I also use a cheapie Chinesium 600mm ratchety breaker bar. Both for wheels and harmonic bolt. Harmonic bolt regularly to do the tappet adjustment.
Cost something like $50 .. still hasn't failed me doing the wheel nuts a million or so times over(stupid Yokahama tyres!)
Arthur.
All these discos are giving me a heart attack!
'99 D1 300Tdi Auto ( now sold :( )
'03 D2 Td5 Auto
'03 D2a Td5 Auto
Thanks for the detailed reply. I am planning to do the timing belt myself and am defiantly aware that it needs to be done just so. Will look into buying the crank holding tool. I wonder if anyone around Sydney or Mid North Coast owns one that I could borrow.
Will grab those extra bits and pieces. I have a shallow 27mm socket but defiantly want to get an impact rated deep socket as well. I have no issue buying tools to get jobs done.
It's just possible that the cylinder head still has the original plastic screw-in plugs just near either end of the top radiator hose. These were probably replaced with brass ones long ago; the plastic ones tend to crack, and should be replaced with brass if you find them.
Also, look underneath and see if the rear universal joint is a rubber donut instead of the usual steel affair. If so, check it for cracks.
(NB Yours may have been produced before the factory made the change, but ours is a late 98 and it has the rubber donut. Perhaps others here will know when the critical date was...)
Well I bit the bullet and ordered a crank holding tool from England via Ebay, was $176 including postage and import charges. Should arrive by the end of this month.
I had an issue with the viscous fan spanner I ordered, black nights timing belt tutorial states a 36mm spanner; and shame on me but I didn't verify this and ordered away... it actually needs a 32mm, I discovered on testing and a quick verification online. So will return and have 32mm ordered.
I also have a plan for the electricals in the car and how I will run accessories such as the low temp & engine temp sensors.
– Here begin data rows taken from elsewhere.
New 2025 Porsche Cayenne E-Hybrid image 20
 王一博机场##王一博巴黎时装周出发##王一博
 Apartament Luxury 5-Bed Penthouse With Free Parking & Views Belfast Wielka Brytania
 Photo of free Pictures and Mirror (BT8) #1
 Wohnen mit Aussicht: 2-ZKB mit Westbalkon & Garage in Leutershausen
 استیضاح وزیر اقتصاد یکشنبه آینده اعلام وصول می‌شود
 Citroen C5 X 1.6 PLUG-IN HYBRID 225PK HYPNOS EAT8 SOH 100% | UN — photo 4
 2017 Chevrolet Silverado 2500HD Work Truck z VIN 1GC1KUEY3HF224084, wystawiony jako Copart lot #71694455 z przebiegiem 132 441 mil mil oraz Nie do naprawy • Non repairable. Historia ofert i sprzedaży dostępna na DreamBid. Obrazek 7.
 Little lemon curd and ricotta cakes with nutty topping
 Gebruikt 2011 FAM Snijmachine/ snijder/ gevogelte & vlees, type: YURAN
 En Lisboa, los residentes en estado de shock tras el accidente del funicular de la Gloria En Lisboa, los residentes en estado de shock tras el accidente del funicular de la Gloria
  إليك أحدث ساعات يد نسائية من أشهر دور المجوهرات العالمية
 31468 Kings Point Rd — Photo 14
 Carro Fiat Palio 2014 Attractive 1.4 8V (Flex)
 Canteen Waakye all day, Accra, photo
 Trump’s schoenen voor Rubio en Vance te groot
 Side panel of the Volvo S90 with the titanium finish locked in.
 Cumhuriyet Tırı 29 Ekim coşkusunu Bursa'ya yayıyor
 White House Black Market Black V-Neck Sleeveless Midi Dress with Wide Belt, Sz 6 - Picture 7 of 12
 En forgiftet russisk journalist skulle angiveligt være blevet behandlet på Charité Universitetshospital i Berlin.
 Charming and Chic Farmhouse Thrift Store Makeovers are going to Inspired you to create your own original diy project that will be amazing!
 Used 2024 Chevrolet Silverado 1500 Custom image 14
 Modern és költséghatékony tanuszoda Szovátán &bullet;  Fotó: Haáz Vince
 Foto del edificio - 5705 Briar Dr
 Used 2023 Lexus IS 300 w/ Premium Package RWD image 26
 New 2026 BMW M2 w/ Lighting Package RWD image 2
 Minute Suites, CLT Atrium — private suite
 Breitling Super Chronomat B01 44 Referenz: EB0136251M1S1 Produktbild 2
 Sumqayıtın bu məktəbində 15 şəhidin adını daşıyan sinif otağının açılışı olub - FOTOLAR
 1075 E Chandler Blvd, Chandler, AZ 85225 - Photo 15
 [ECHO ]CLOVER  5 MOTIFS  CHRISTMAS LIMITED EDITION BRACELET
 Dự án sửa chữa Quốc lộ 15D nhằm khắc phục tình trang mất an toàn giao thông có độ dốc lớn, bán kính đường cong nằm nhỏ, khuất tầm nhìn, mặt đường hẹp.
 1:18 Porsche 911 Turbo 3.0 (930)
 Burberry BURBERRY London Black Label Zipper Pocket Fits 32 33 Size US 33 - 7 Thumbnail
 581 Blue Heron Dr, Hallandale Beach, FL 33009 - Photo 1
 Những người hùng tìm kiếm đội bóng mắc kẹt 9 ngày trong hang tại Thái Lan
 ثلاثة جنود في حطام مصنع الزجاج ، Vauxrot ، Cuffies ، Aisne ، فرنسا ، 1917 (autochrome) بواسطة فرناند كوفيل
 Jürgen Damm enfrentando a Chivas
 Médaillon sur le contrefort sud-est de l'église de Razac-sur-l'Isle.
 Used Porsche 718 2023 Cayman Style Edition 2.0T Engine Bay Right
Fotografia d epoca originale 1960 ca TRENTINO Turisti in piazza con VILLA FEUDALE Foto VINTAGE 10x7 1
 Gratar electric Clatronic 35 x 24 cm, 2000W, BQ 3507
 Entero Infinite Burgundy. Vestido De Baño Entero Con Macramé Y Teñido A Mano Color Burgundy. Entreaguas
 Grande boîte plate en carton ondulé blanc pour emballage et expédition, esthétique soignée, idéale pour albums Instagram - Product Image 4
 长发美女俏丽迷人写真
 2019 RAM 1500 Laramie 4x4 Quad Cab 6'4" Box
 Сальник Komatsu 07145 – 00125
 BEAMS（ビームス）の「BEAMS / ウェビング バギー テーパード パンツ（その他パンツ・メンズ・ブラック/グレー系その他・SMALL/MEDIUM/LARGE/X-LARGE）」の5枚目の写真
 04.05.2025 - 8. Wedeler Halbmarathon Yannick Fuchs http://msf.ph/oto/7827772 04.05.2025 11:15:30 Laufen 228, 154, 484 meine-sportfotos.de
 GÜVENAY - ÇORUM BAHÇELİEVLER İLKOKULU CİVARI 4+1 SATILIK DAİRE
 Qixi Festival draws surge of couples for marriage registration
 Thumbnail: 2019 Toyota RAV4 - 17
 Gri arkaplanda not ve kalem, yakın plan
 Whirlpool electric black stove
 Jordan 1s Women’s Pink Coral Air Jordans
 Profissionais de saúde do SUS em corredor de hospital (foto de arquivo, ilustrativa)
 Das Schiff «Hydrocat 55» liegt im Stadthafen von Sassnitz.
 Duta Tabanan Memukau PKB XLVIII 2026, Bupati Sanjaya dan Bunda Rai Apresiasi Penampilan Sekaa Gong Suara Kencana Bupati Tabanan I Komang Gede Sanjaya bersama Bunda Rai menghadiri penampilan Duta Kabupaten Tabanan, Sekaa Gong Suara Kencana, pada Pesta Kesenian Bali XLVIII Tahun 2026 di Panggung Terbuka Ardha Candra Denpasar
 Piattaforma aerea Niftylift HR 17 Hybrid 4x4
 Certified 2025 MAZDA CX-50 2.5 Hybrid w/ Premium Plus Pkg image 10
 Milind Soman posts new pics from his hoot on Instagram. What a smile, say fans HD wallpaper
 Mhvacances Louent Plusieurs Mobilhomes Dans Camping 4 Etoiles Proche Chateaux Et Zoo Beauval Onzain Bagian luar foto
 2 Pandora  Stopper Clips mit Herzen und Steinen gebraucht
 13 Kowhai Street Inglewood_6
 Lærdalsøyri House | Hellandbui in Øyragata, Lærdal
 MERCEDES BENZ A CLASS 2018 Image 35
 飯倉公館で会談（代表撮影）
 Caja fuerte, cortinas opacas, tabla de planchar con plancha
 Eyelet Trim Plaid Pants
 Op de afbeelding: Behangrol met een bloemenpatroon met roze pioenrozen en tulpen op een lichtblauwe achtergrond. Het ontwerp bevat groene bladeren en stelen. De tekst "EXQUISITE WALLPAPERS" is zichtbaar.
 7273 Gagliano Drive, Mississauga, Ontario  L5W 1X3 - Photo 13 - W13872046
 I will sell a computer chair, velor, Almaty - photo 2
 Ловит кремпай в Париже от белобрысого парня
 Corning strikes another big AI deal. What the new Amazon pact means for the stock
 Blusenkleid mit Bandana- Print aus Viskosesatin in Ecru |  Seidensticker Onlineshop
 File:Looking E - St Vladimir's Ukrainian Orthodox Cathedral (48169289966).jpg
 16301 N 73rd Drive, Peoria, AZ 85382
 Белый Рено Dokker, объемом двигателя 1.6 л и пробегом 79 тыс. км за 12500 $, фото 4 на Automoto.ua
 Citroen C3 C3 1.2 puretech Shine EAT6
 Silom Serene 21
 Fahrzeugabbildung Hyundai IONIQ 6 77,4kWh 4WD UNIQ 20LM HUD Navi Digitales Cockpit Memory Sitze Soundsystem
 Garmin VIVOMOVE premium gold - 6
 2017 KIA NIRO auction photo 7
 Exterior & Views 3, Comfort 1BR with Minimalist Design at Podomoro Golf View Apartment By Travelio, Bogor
I am going to install a Narva 12 way fuse panel, as the panels have two seperate power circuits with a coupled earthing cable. This will allow to have one side for accessories I want to be on when the car is on, and others I want to be able to switch on at any time (a dual battery is planned asap for this side of the panel). Ill use a relay attached to the ignition system to active the 'car on' side. Only issue is that such a panel is quite large and locating in neatly within the cabin needs to be explored. I could instead use a seperate 6 way fuse panel for each system, but thought bundling them could be smart.
Could the earthing when coupled to two batteries be an issue? Maybe separating would be best..
Very interested to hear peoples thoughts and opinions.